I dizionari concordano in un'origine storico-gastronomica; per riferirla usiamo le parole del Rigutini-Fanfani: “I romani chiamavano porcus troianus un Cignale (cinghiale, ndr) arrostito intero e riempito di molti altri animaletti a somiglianza del Cavallo di Troia, pieno di armati. Quindi in volgare si fece ‘troia’ per la femmina del porco, pregna di porcellini”. Convergono su questa origine vari autori antichi e moderni. Il Pianigiani, che pur esprime qualche perplessità, spiega che il ripieno era “di polli, di uccelli”, e da qui il significato soprattutto di “scrofa gravida”. Per altri si trattava di cacciagione.

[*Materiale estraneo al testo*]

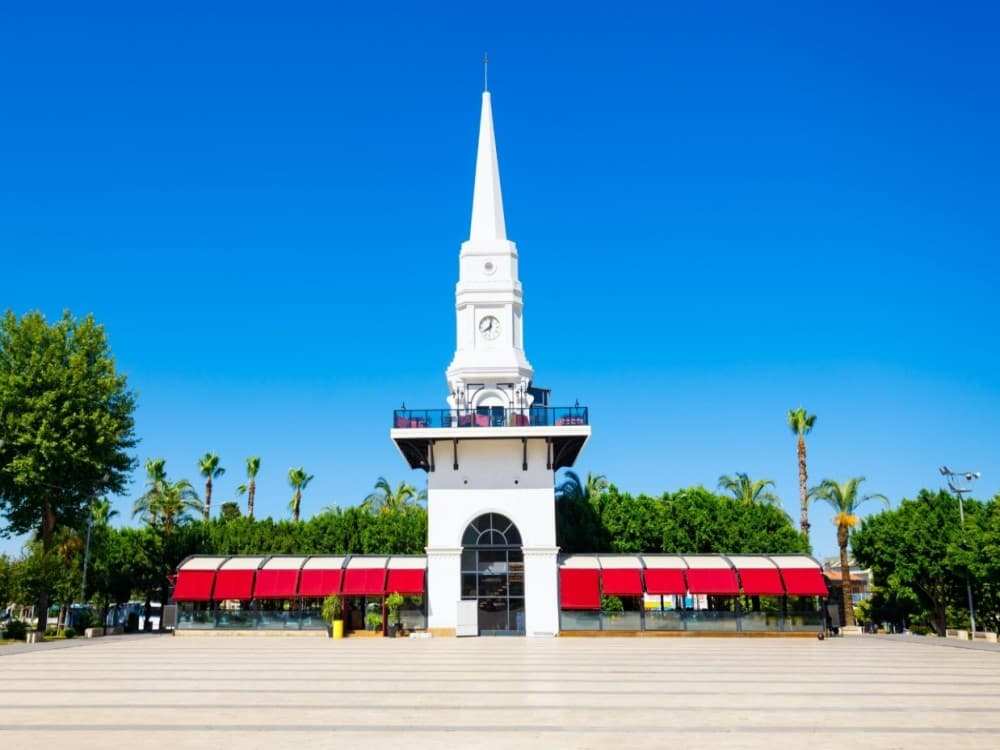 Is Kemer Town Worth Visiting?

Meno verosimile la tesi del Treccani: “voce espressiva che imita il grugnito del maiale”. Il Palazzi sfoggia un certo perbenismo: alla voce troia infatti rimanda semplicemente a scrofa (che spiega derivare “dal latino scrobis, la fossa dove i maiali razzolano col grifo”; il grifo è l’estremità mobile del muso suino).
Sotto il nome di troia, per lo Zanobetti “erano comprese le finte battaglie, le giostre a cavallo ed altri esercizi militari che facevano i giovani nobili romani”, e per lo stesso autore era anche “il nome di macchina antica di guerra”.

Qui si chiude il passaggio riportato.